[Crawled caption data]
↓↓↓

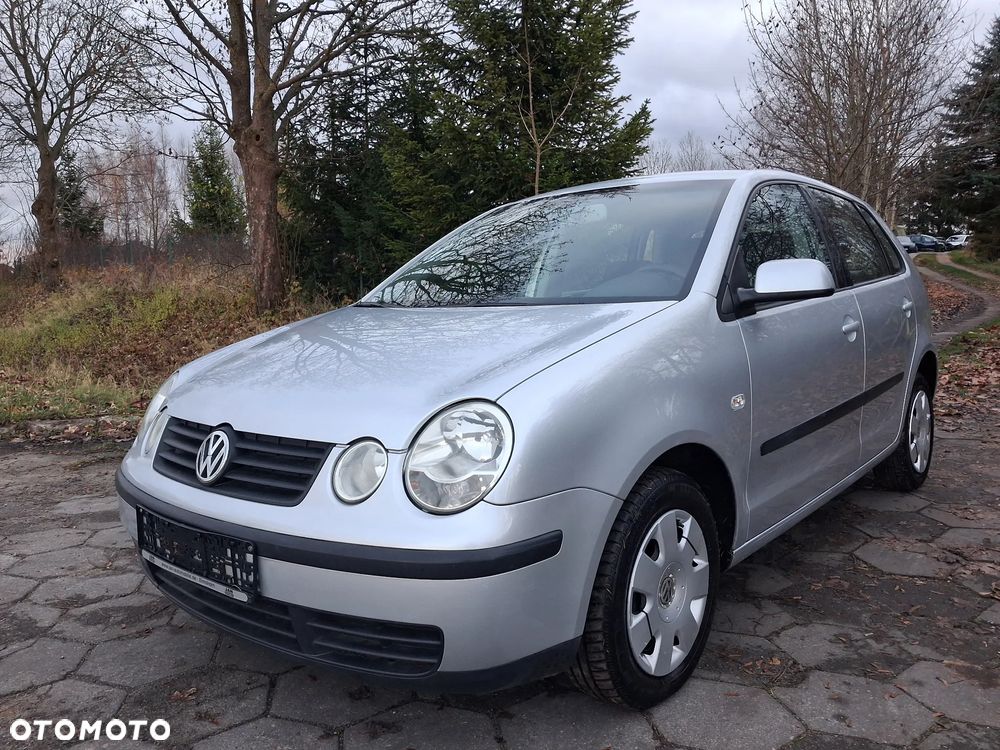 Volkswagen Polo 1.4 Automatik Trendline - 1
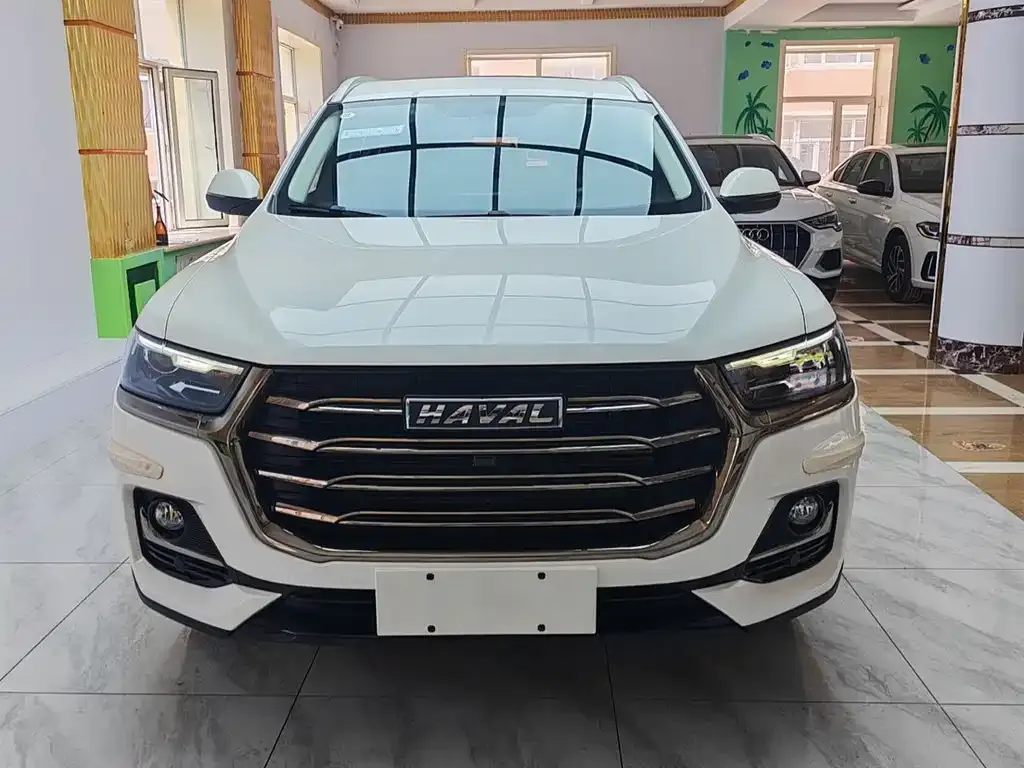 Haval H6 — фото 1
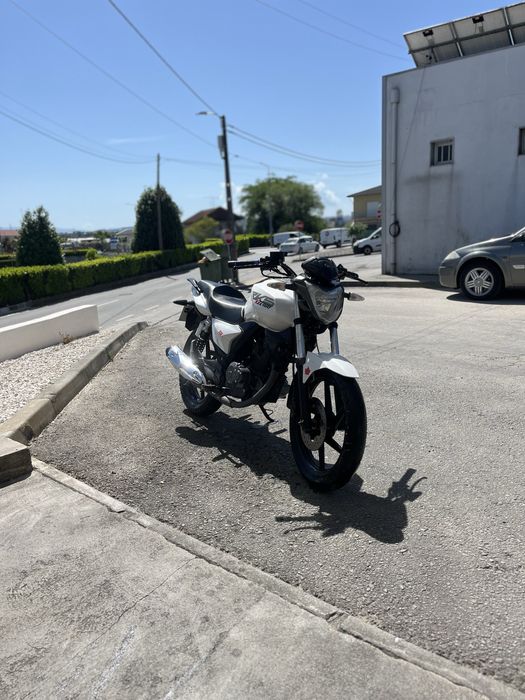 Keeway RKS 125cc 2012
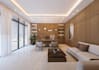 redesign office interior,commercial space,coworking layout,home workspace render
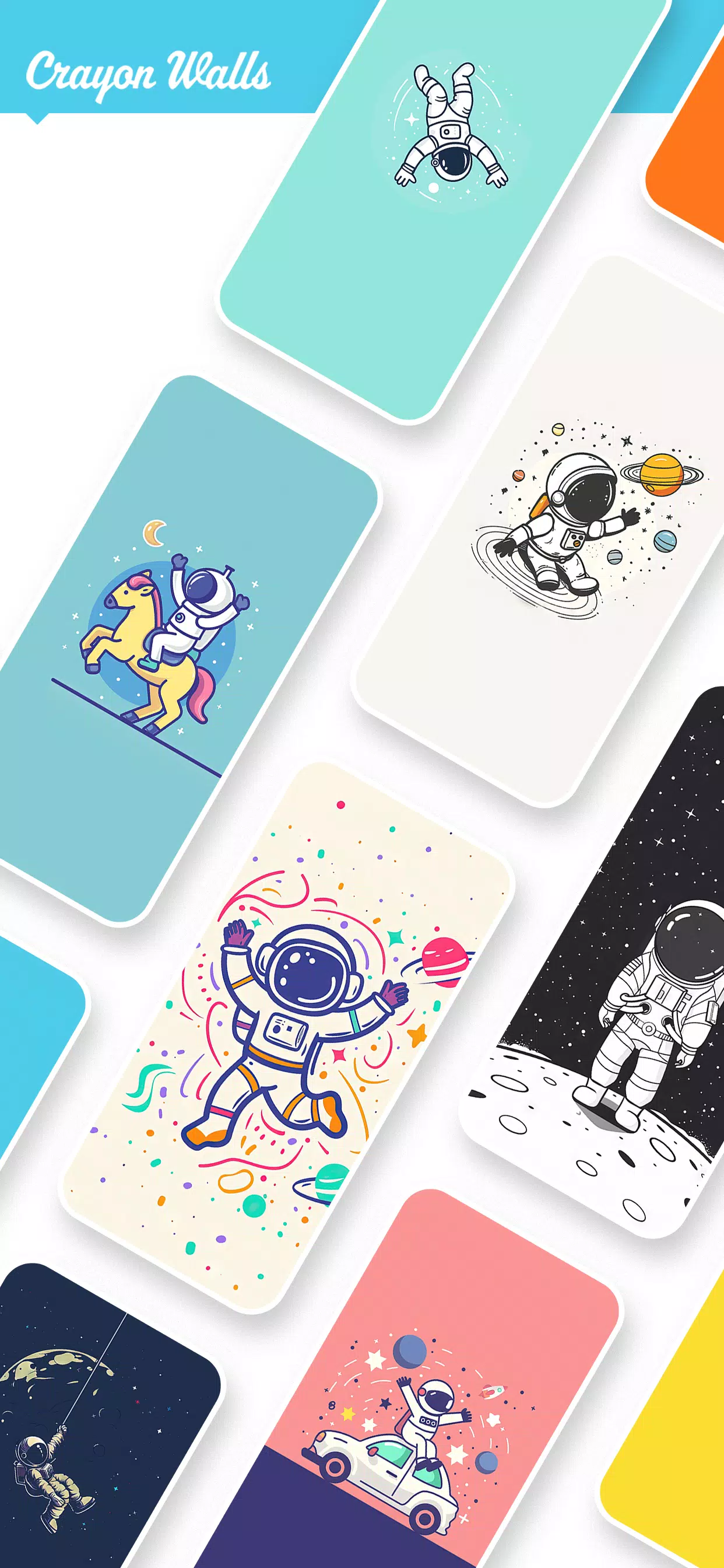 Crayon Wallpapers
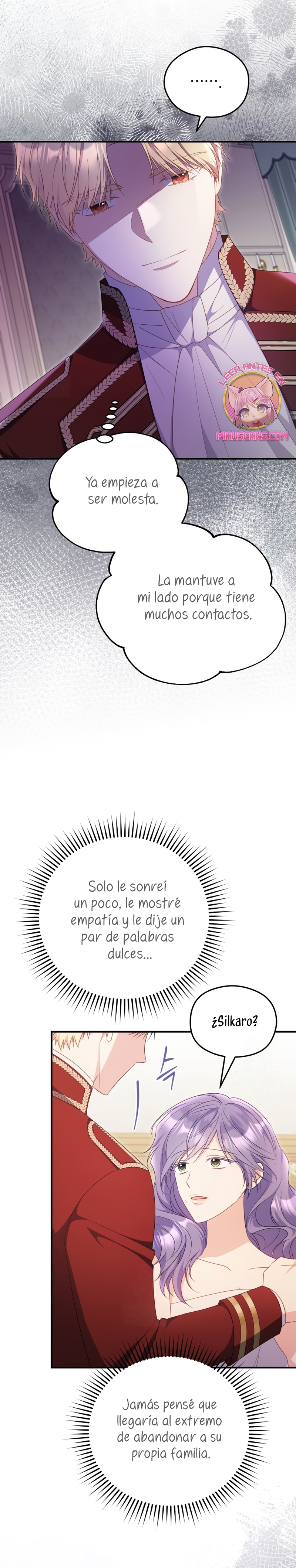 La villana capturó al Gran Duque Capítulo 93 - Page 22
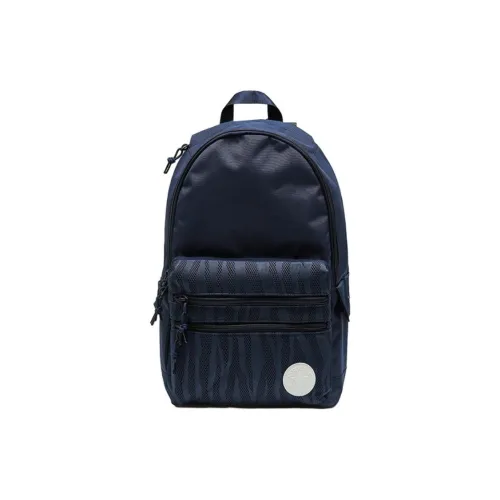 Converse Polyester Backpack Regular Unisex Dark Marine Blue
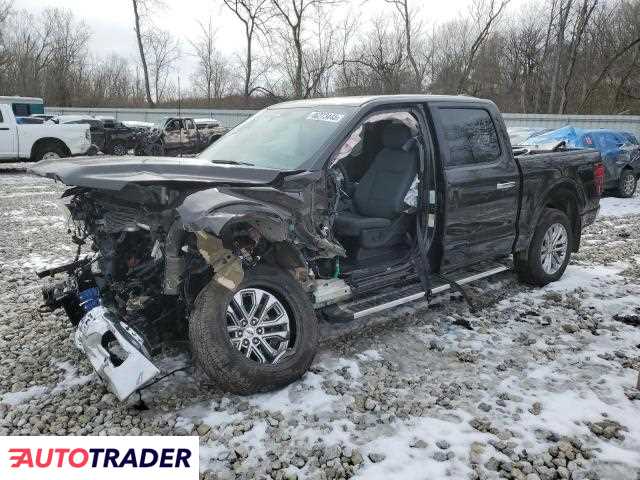 Ford Pozostałe 2024 3 Ford Pozostałe 2024 3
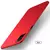 Чехол бампер для Huawei P40 Pro Plus Anomaly Matte Red (Красный) 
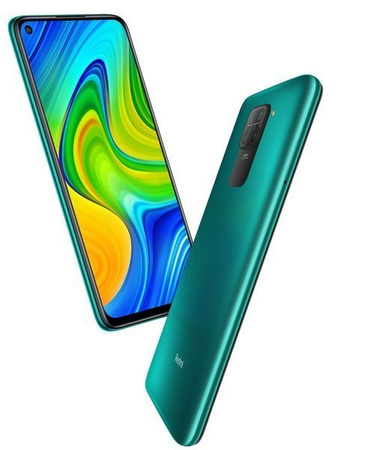 Smartfon Xiaomi Redmi Note 9 4+128GB Forest Green
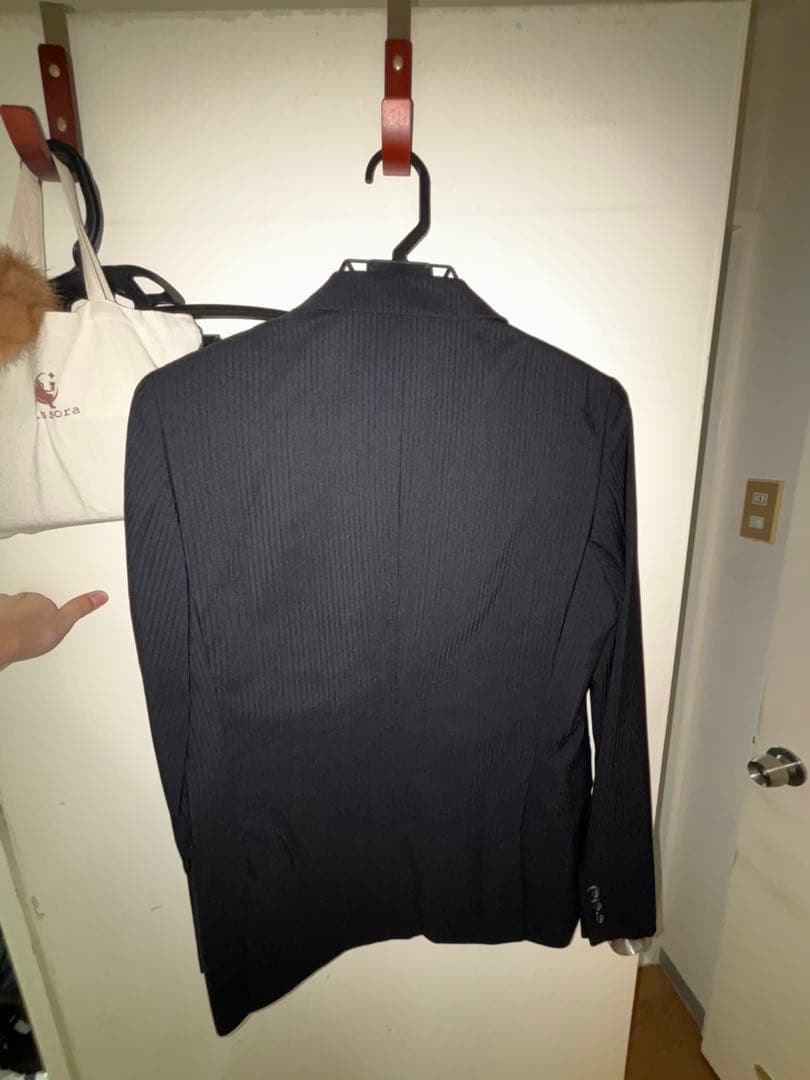 comme des garcons homme plus 24ss ジャケット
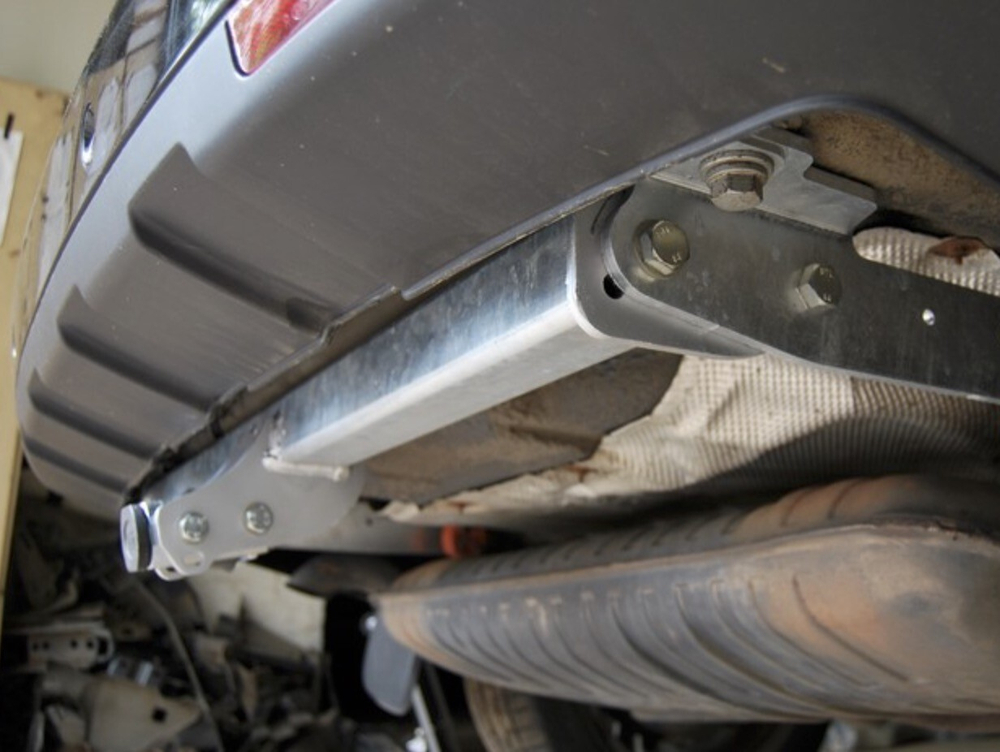 Фаркоп оцинкованный Galia R050C для Land Rover Range Rover 2002-2013(паспорт и сертификат в комплекте)(без электрики)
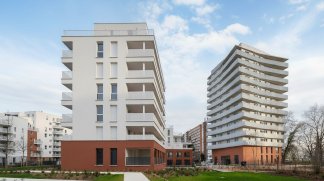Programme neuf Terre Garonne à Toulouse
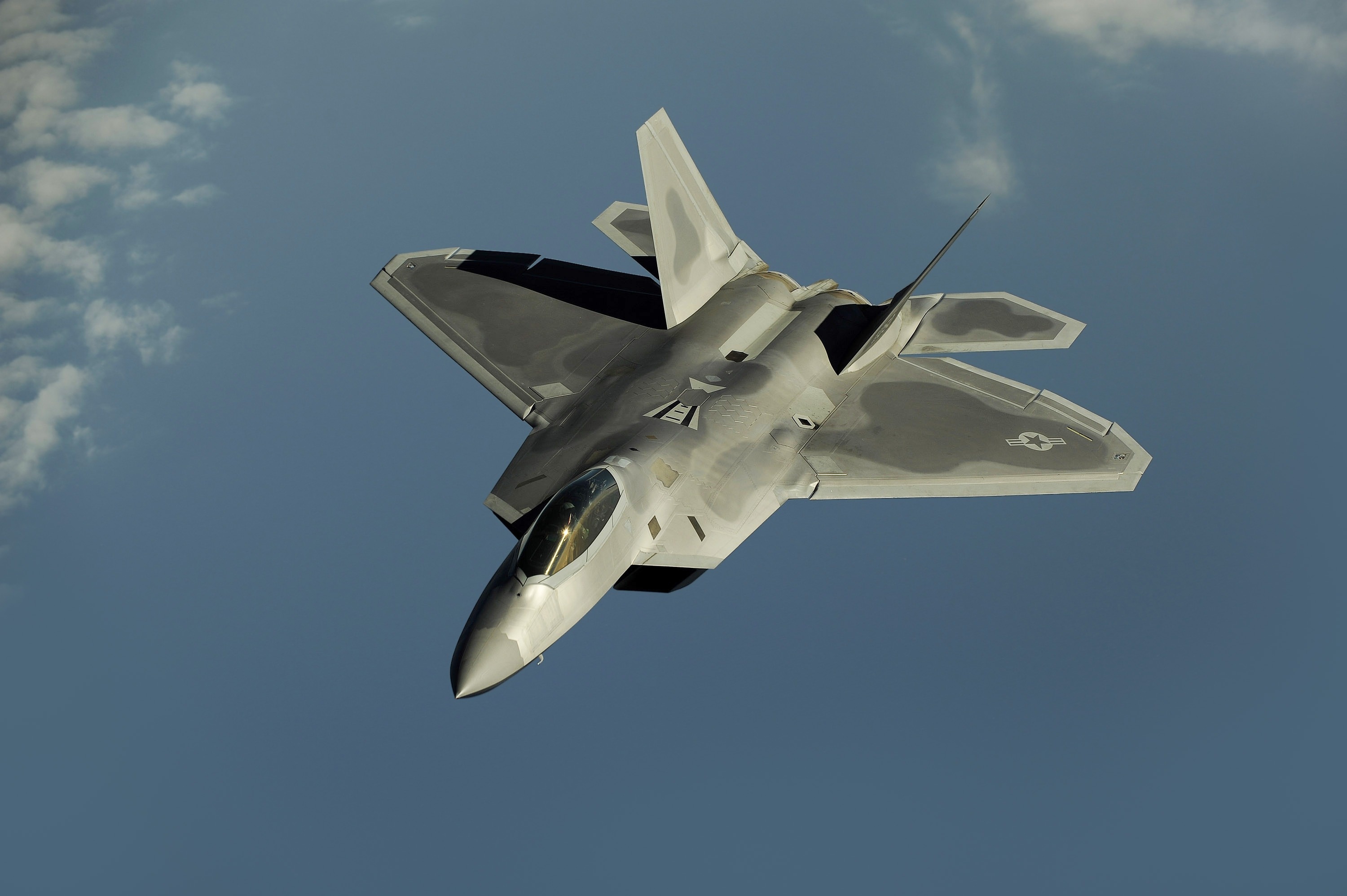 F-22 Raptor, Jet Fighters Wallpaper, HD Desktop F-22 Raptor, Jet Fighters Wallpaper, HD Desktop — 3000×1996 HD wallpaper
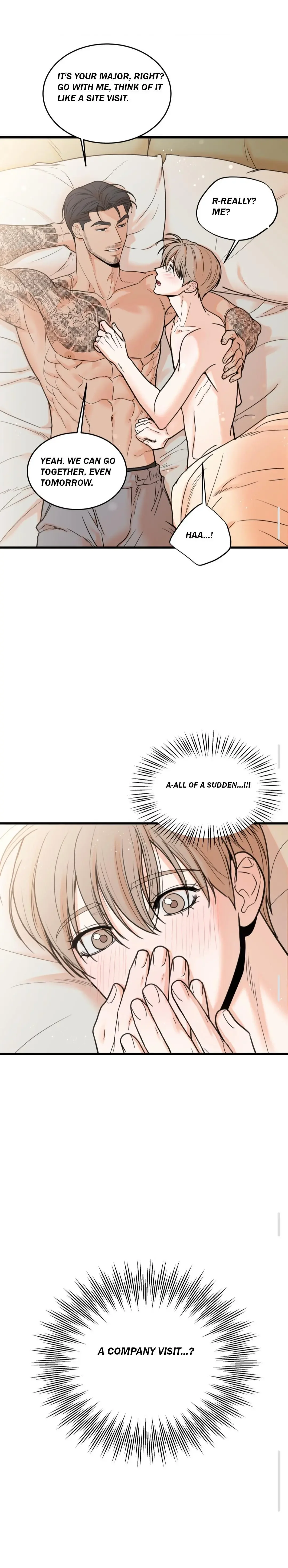 My Sadistic Master - Chapter 34 Page 15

↑↑↑

— ABOUT THIS EXERCISE —
Could you please return the entries above exactly, minus the pictures?

— PROBLEM SOLUTION —
 Volkswagen Polo 1.4 Automatik Trendline - 1
 Haval H6 — фото 1
 Keeway RKS 125cc 2012
 redesign office interior,commercial space,coworking layout,home workspace render
 Crayon Wallpapers
 La villana capturó al Gran Duque Capítulo 93 - Page 22
 Converse Polyester Backpack Regular Unisex Dark Marine Blue
 Ford Pozostałe 2024 3 Ford Pozostałe 2024 3
 Чехол бампер для Huawei P40 Pro Plus Anomaly Matte Red (Красный) 
 Smartfon Xiaomi Redmi Note 9 4+128GB Forest Green
 comme des garcons homme plus 24ss ジャケット
 Фаркоп оцинкованный Galia R050C для Land Rover Range Rover 2002-2013(паспорт и сертификат в комплекте)(без электрики)
Programme neuf Terre Garonne à Toulouse
 F-22 Raptor, Jet Fighters Wallpaper, HD Desktop F-22 Raptor, Jet Fighters Wallpaper, HD Desktop — 3000×1996 HD wallpaper
 My Sadistic Master - Chapter 34 Page 15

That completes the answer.